▶

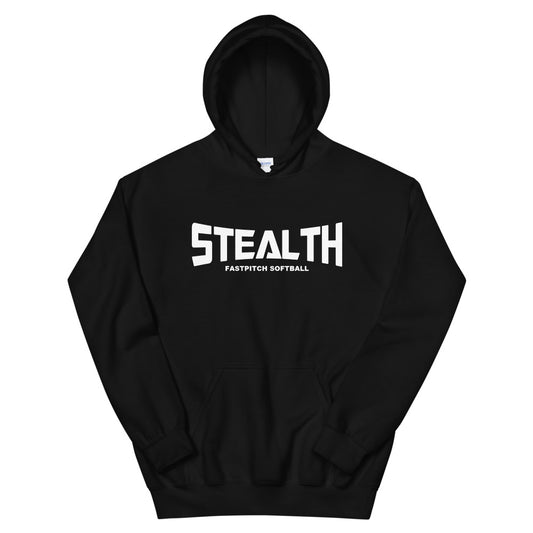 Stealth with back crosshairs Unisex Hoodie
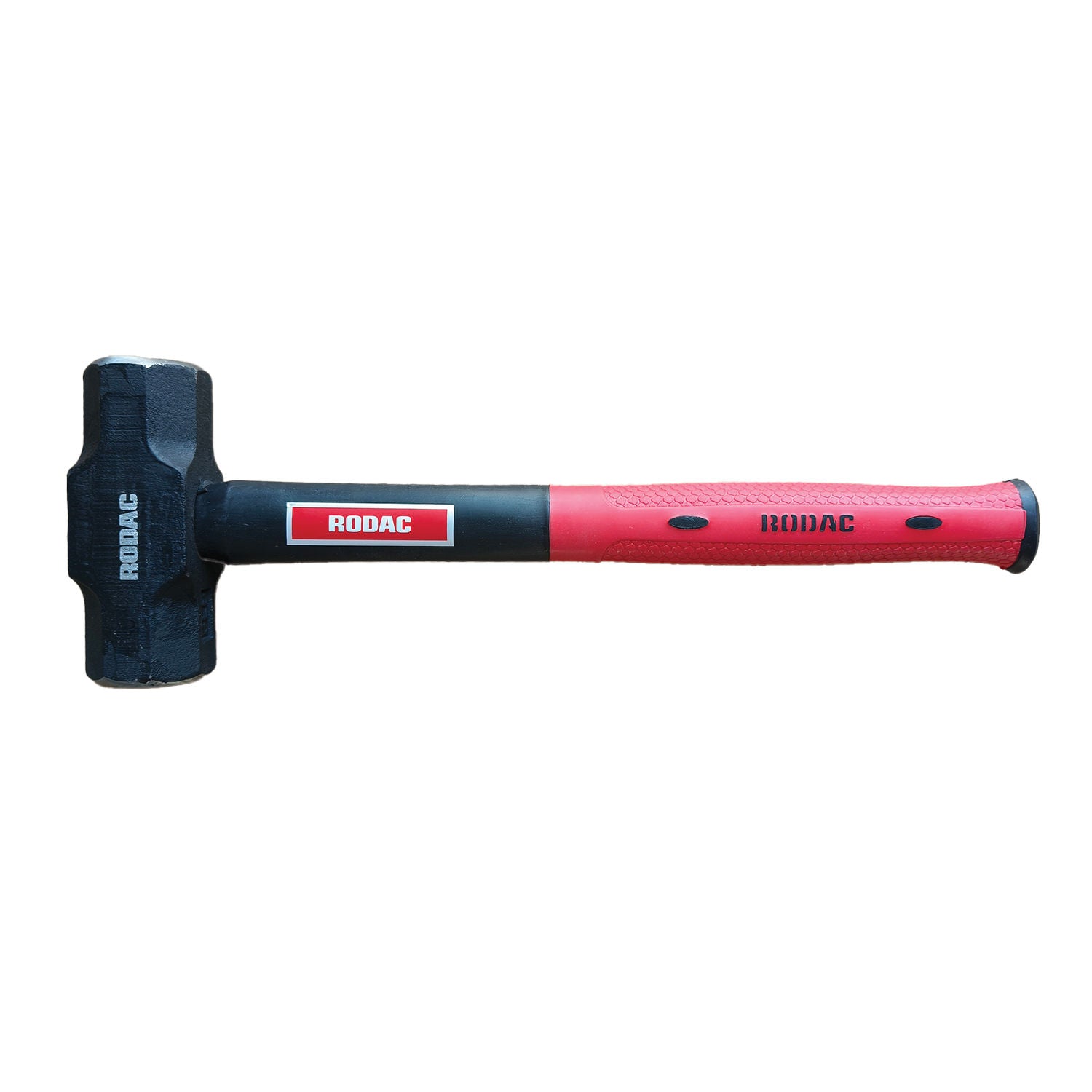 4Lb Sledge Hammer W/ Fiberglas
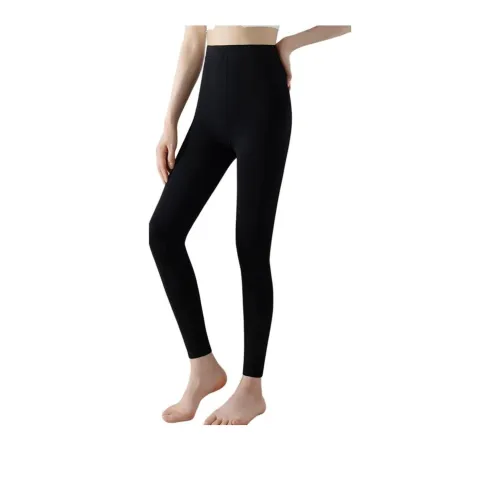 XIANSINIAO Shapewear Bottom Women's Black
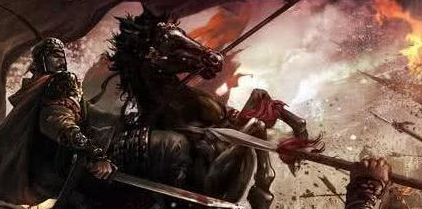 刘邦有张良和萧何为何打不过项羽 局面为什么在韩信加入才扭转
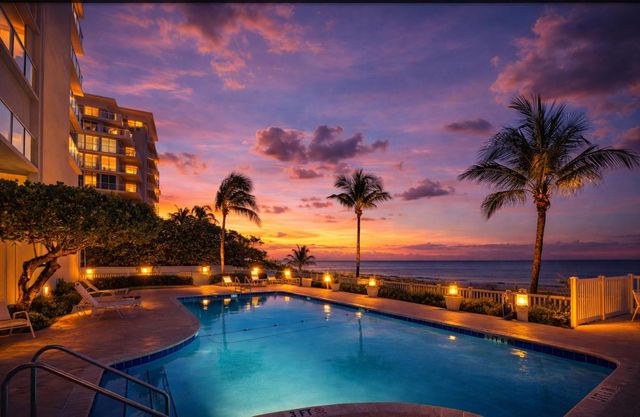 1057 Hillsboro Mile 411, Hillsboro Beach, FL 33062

◀
▶

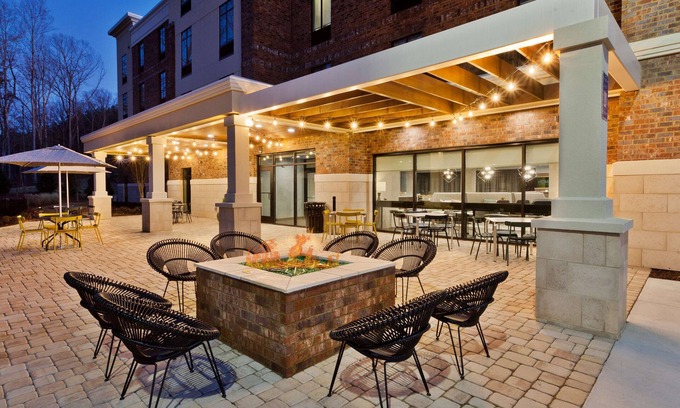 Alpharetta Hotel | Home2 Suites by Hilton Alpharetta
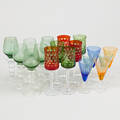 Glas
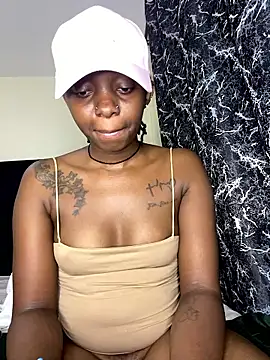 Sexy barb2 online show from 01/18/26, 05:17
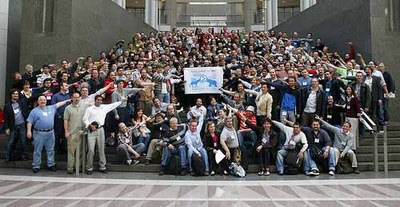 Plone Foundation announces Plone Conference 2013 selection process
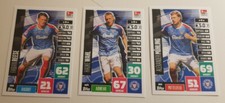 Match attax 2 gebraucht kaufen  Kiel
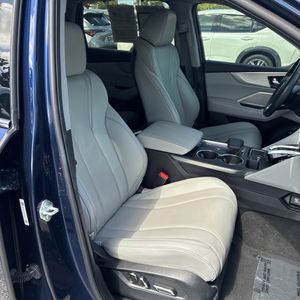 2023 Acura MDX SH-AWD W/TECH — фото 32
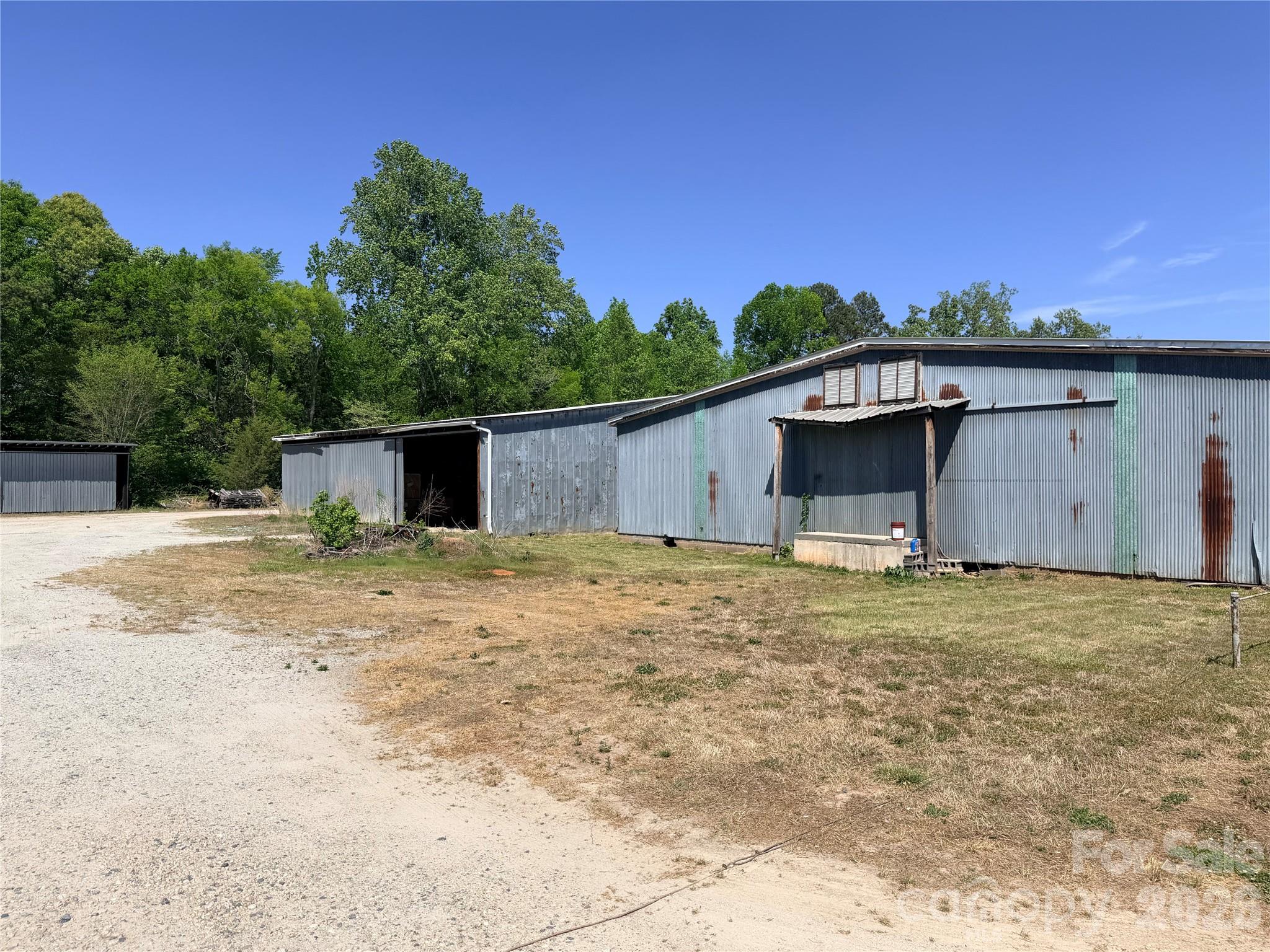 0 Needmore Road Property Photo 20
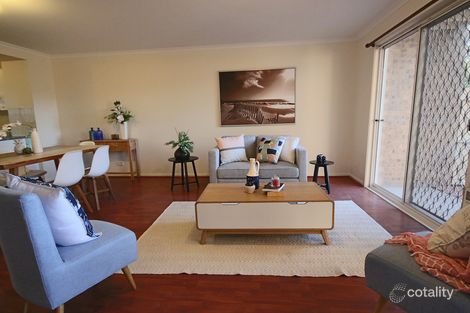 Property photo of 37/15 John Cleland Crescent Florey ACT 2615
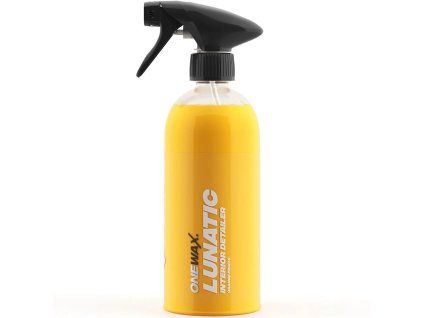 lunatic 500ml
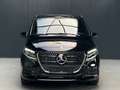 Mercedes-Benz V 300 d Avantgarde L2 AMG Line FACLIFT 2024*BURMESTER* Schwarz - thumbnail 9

◀

**TASK DETAILS**
Look above for the line with "XIANSINIAO Shapewear Bottom Women's Black" and copy exactly from it through the line with "1057 Hillsboro Mile", both included. Omit the pictures.

**WORKED SOLUTION**
 XIANSINIAO Shapewear Bottom Women's Black
 刘邦有张良和萧何为何打不过项羽 局面为什么在韩信加入才扭转
 1057 Hillsboro Mile 411, Hillsboro Beach, FL 33062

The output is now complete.